4. Start booking viewings
Due to us finalising our plans to co-rent quite late on in the summer before starting uni, we had to do this step very quickly. We had ten or so flats that we wanted to view, so I contacted each via the email address supplied on each of the pages. Now, some of these were estate agent emails, and some were private emails. But they all had one thing in common - no one ever replies!! I discovered this after a couple of days of waiting, and so then began a tirade of phone calls. Don't wait - these are busy people with probably an inbox full of similar messages about bookings (especially if you're contacting an estate agent) so be pro-active and phone up, or visit the agent. Even phoning can be stressful: One man refused to let me book in advance, asking me instead to email each morning to ask if he had any free times. Then began a ritual, where I'd email each morning, wait till midday, phone him (where he'd mention he'd read my email..) to then get told to email the next day. He eventually gave me an appointment after we'd put down the deposit for our flat. Muahaha. Too little, too late.
Do it! Quick and proactive

5. If you see one you want, get it
This step was absolutely key for us, as we ended up with only a small handful of appointments, with multiple other groups of potential renters turning up at each.
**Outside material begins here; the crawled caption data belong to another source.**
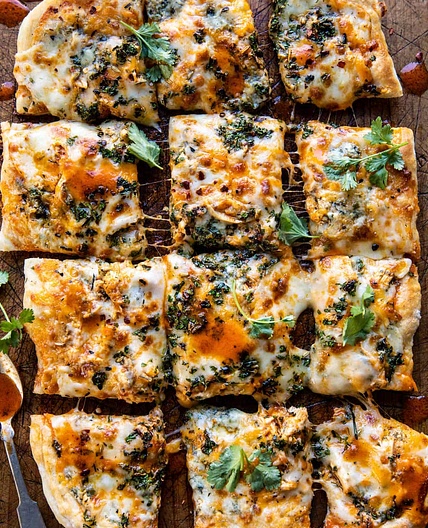Sheet Pan Buffalo Chicken Pizza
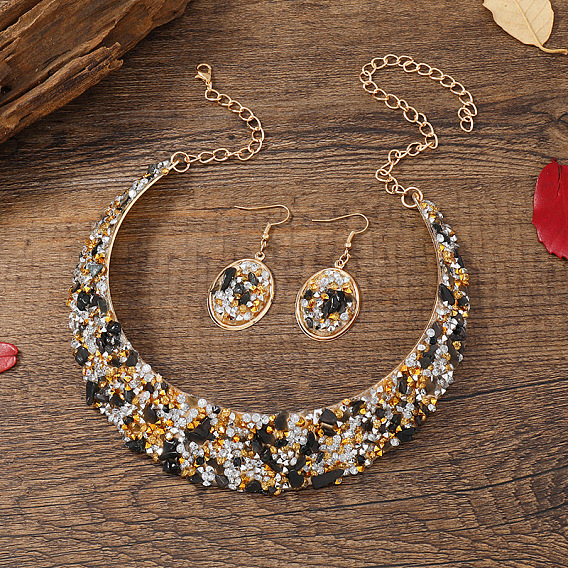 Комплект из овального чокера с пайетками и серег-подвесок из сплава, золотые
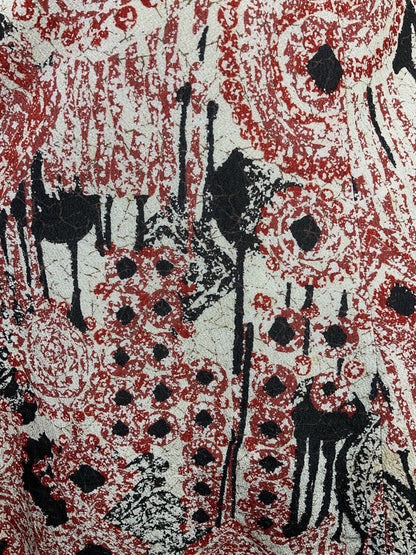 VINTAGE 60s 70s CREAM BLACK RED PSYCHEDELIC SWIRL BELTED SWING DRESS 12 14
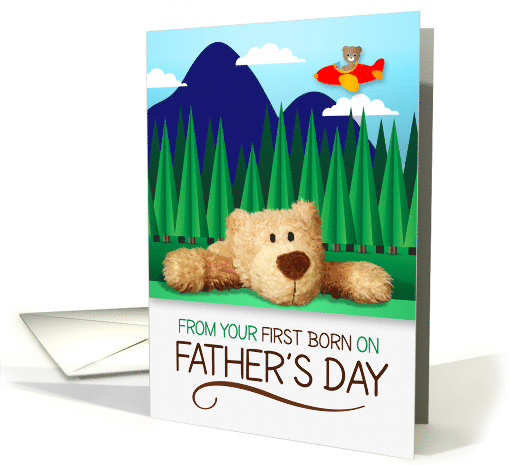 from Young First Born Child on Father's Day Teddy Bear card (1567710)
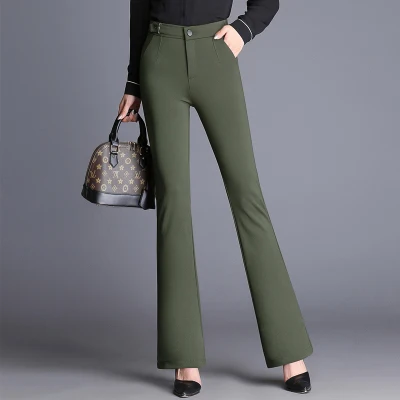 Весна лето размера плюс S-5XL Женские брюки с высокой талией меньше расклешенные брюки европейский стиль эластичные женские Капри - Цвет: Army Green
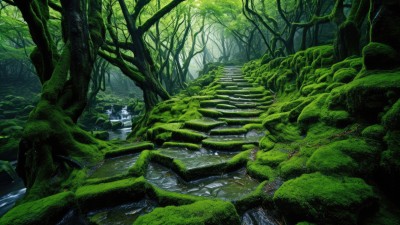 Beautiful Green Thick Forest Path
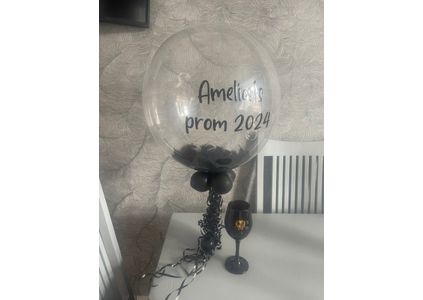 Customer image of Personalised Black Feathers Bubble Balloon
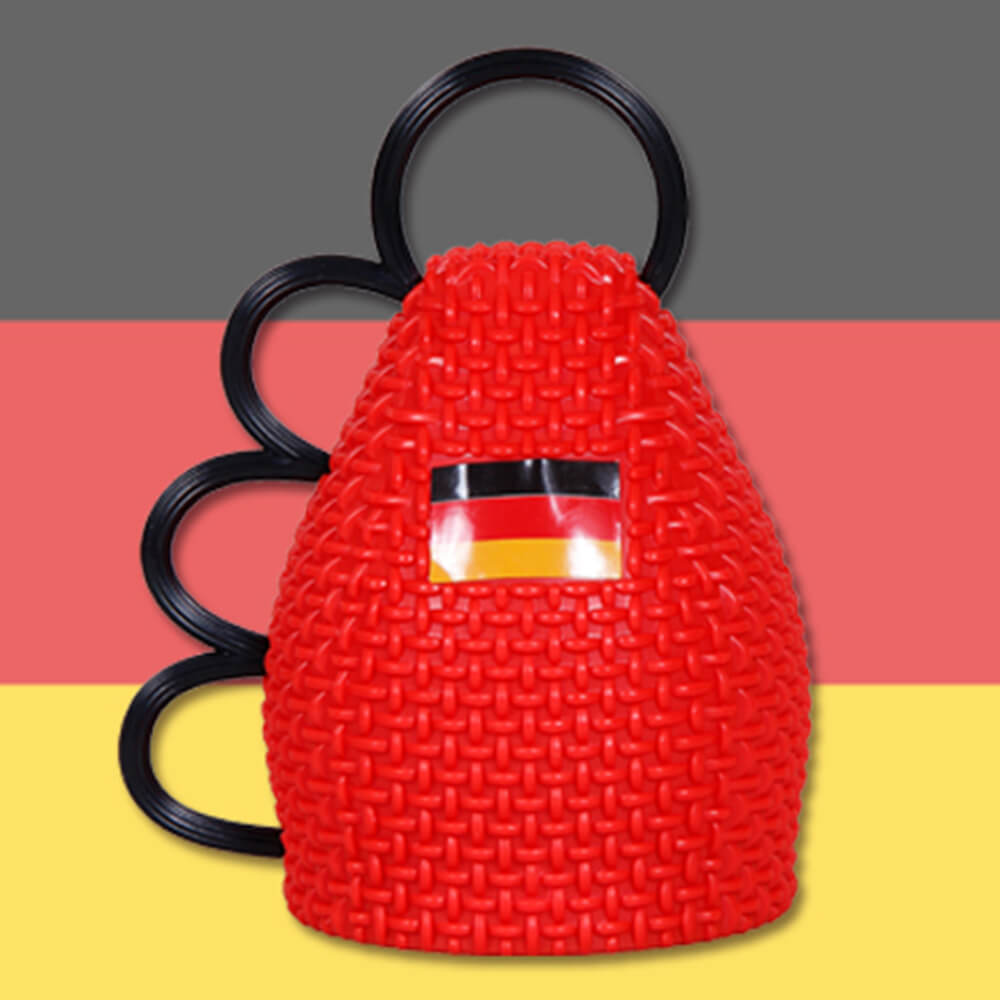 CAX-DE02 Caxirola (Jubel Rassel) Deutschland mit Flagge rot ca. 13 x 10 cm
Our flat was only the second one we viewed, (and the first Euan had viewed), but we liked it, it was 5 minutes walk from Karen and I's uni, beside a bus stop for Euan's, and on the third floor of the building (more light, less neighbours, city centre rats tend to be on lower floors..) So after the viewing, we sat down in a cafe and simultaniously decided to get it. We then immediately went to the estate agent to get forms, and then came in with the deposit at opening time the next day - Keen Beans! 
Be decisive

6. Talk to the Agents
We pushed through our commitment to rent the flat very quickly, before any of our parents had either seen the flat or talked to the estate agents. This then made the following couple of weeks quite confusing, as we found out new things about it, and got told conflicting information about the rent, signing the lease, etc. Make sure you're talking to someone who knows what they're talking about in the estate agents - we suffered from doing the opposite..and discovering this a couple weeks later. Get your parents involved - it may be your flat, but no doubt they're paying for it, and will know more about all the mumbo-jumbo the estate agents are telling you, than you will. Let the adults do the talking (but make sure you're listening!)
Get informed

7. Pay up
First you shall be asked for a sum of money as a deposit which you shall get paid back at the end of the lease period, if you haven't damaged the property during crazy (drunken) antics like those which feature on How I Met Your Mother (my favourite tv show btw). After this you will need to pay your first month's rent as well as agent fees before you sign the lease and move in! Make sure you know what you're paying
Get on top of it

8. Sign the Lease
This is quite an exciting part for the 18 and olders, because you get to sign (possibly your first) legal documents! You're actually meant to get your parent/guardian (the fancy word in this scenario being guarantor) if you are under 17. Euan didn't abide by this, yolo and all. This is quite a lengthy process as there is a lot to read in the lease! A tip is to ask the agent's to send it via email to your parents before lease-signing day so that they can pick up on any unusual things which you may skip over. And you will probably need to have one person sign the bottom of each page - if you volunteer for this, beware, there are hundreds of pages to sign! Also, you don't all need to sign on the same day - but you will only get keys if you have both signed the lease and payed your rent.
Clue up

Well as far as 'flat hunting' goes, you're there! Well done! This is the stage we are currently at, because we pick up the keys on Monday to move in! 3 days time - so much Erhmagerd. I seem to have an inability to pack.